RECORDS SHOWN →
---*---

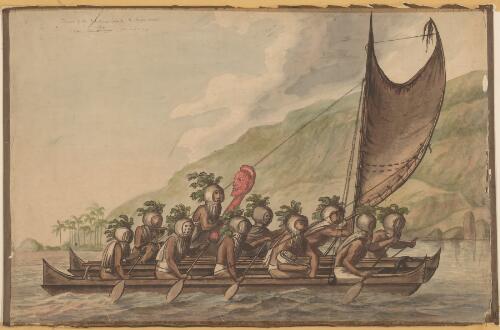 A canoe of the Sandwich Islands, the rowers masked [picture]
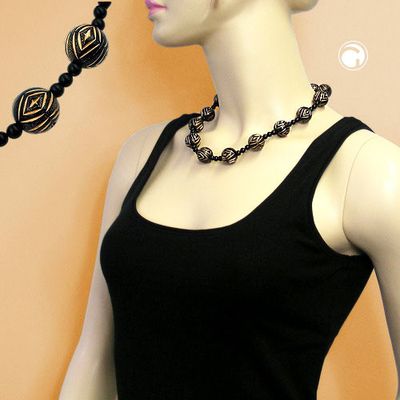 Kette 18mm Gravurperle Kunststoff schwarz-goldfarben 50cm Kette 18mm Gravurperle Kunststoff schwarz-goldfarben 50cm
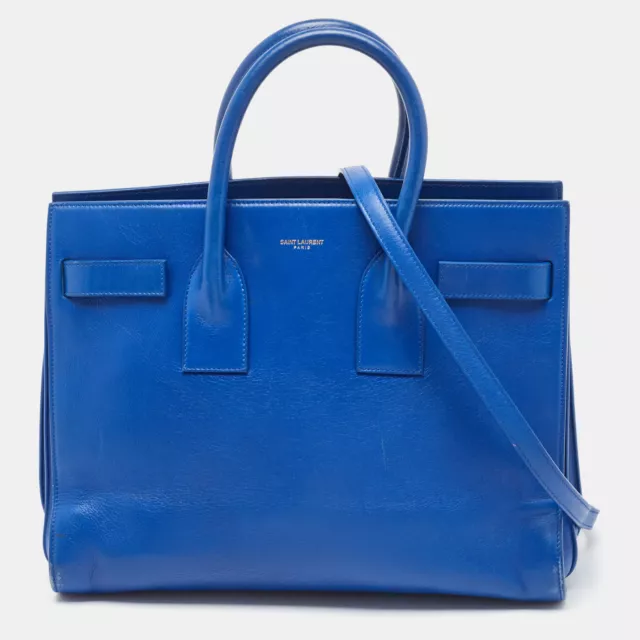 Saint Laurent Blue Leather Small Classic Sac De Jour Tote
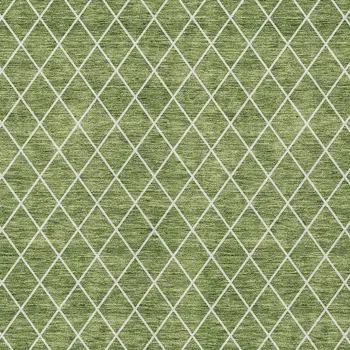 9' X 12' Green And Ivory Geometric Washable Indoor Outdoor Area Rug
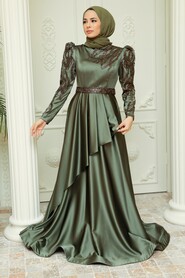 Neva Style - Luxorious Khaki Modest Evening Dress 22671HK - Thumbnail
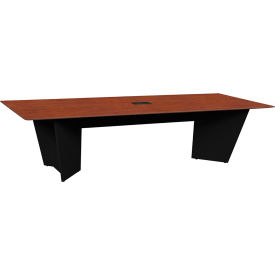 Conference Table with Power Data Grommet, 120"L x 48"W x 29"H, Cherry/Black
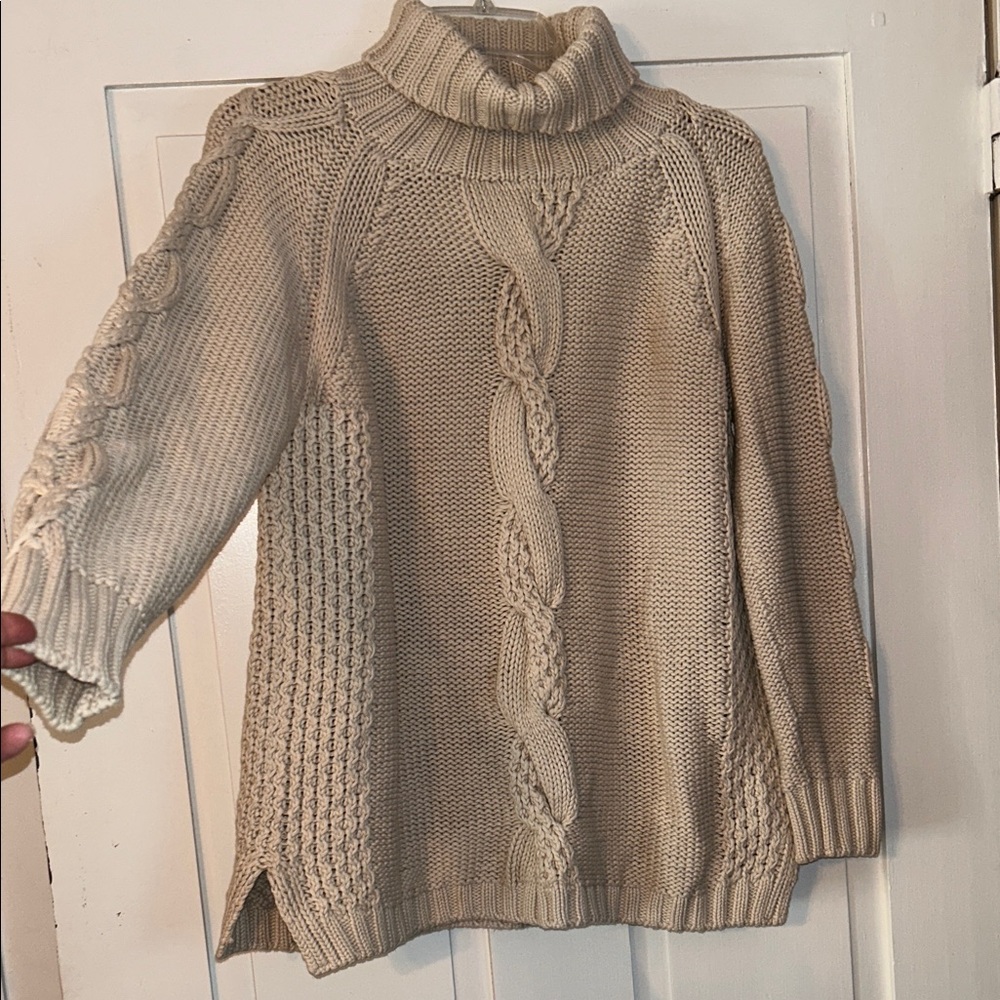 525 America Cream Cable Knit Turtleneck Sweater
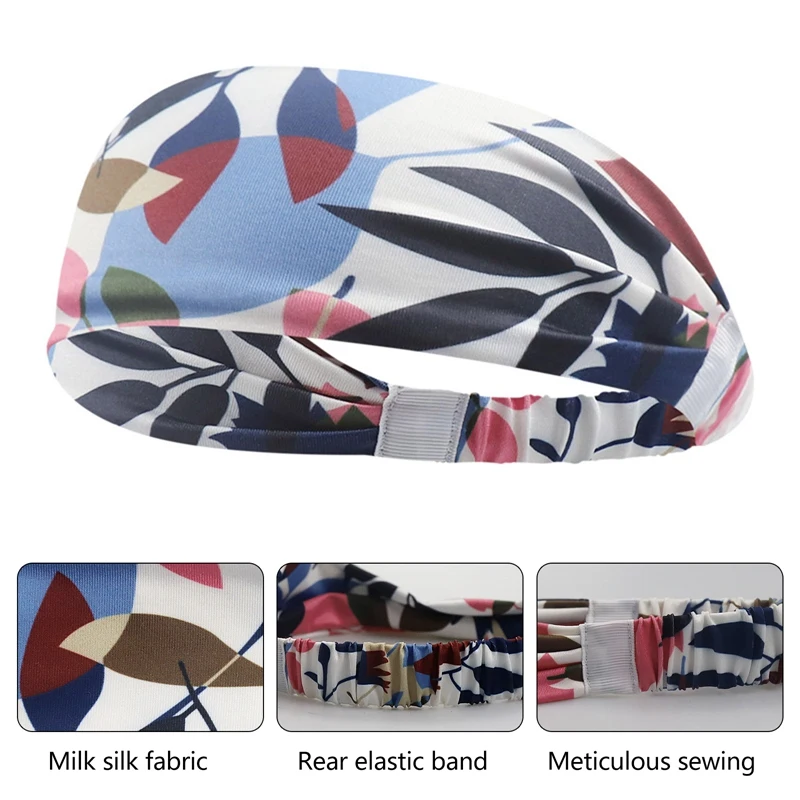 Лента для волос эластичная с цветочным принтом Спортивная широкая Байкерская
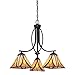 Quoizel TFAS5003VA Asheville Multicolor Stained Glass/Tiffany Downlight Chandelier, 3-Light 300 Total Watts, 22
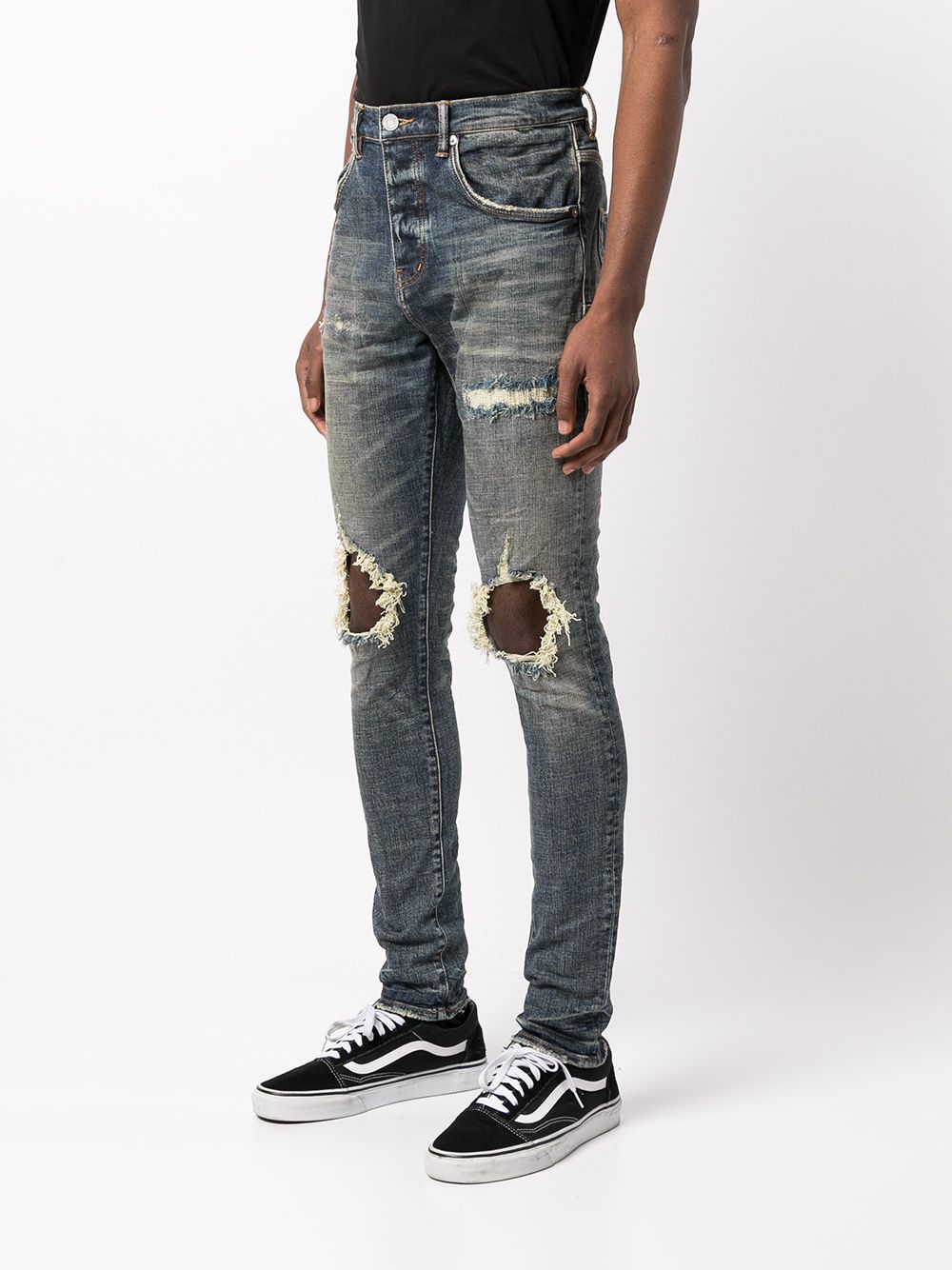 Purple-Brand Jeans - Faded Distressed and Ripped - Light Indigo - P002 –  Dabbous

---*---

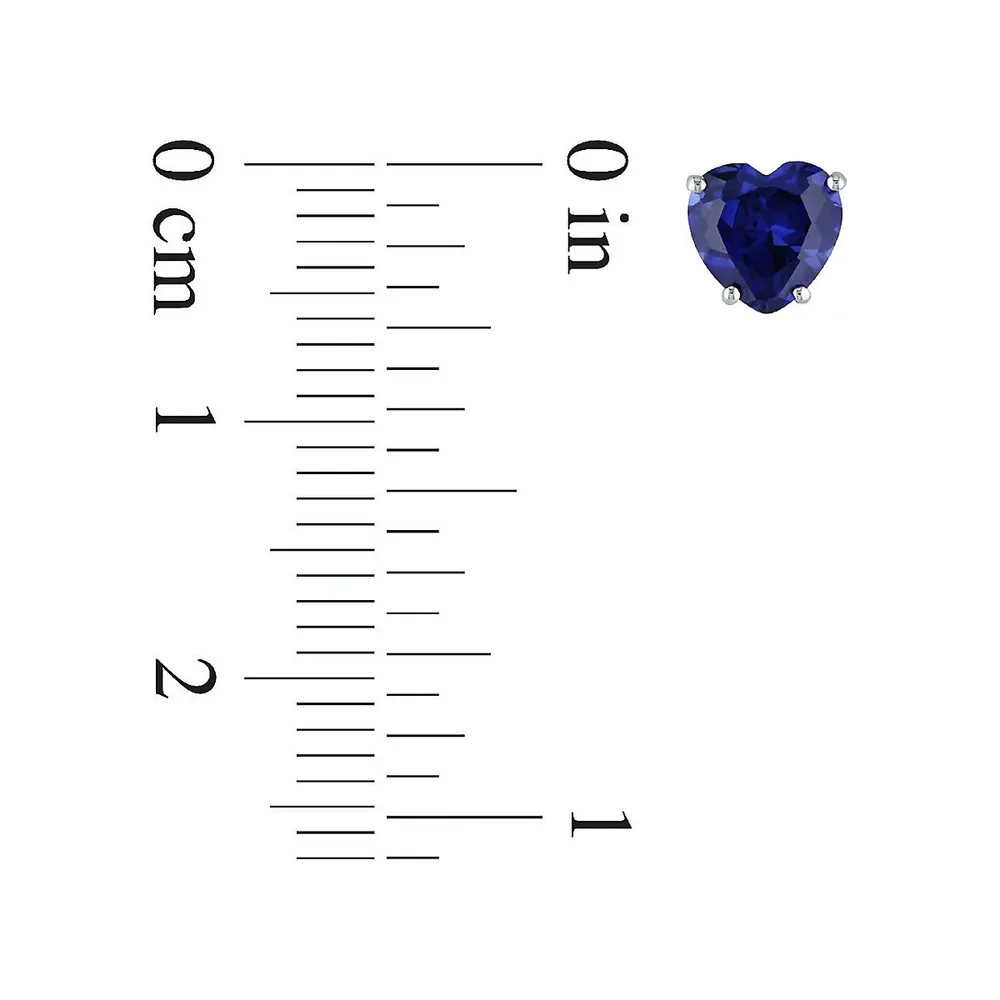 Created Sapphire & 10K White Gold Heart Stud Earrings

---*---

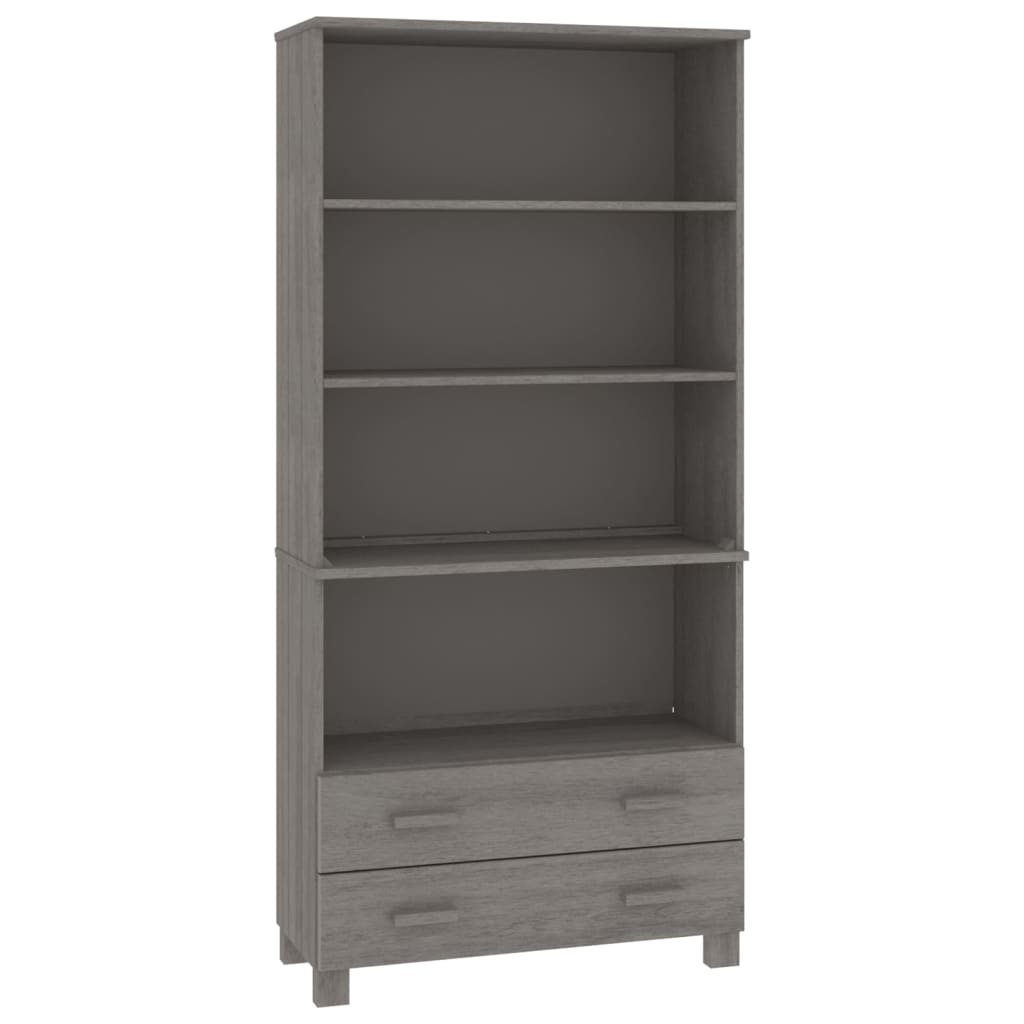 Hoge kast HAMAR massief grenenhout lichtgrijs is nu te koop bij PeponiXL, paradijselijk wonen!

---*---

TASK GOAL →
The reply should hold the entries above from the line with "Лента для волос" to the line with "Purple-Brand Jeans - Faded", duplicated exactly, pictures excluded.

EXPECTED ANSWER →
 Лента для волос эластичная с цветочным принтом Спортивная широкая Байкерская
 Quoizel TFAS5003VA Asheville Multicolor Stained Glass/Tiffany Downlight Chandelier, 3-Light 300 Total Watts, 22
 Purple-Brand Jeans - Faded Distressed and Ripped - Light Indigo - P002 –  Dabbous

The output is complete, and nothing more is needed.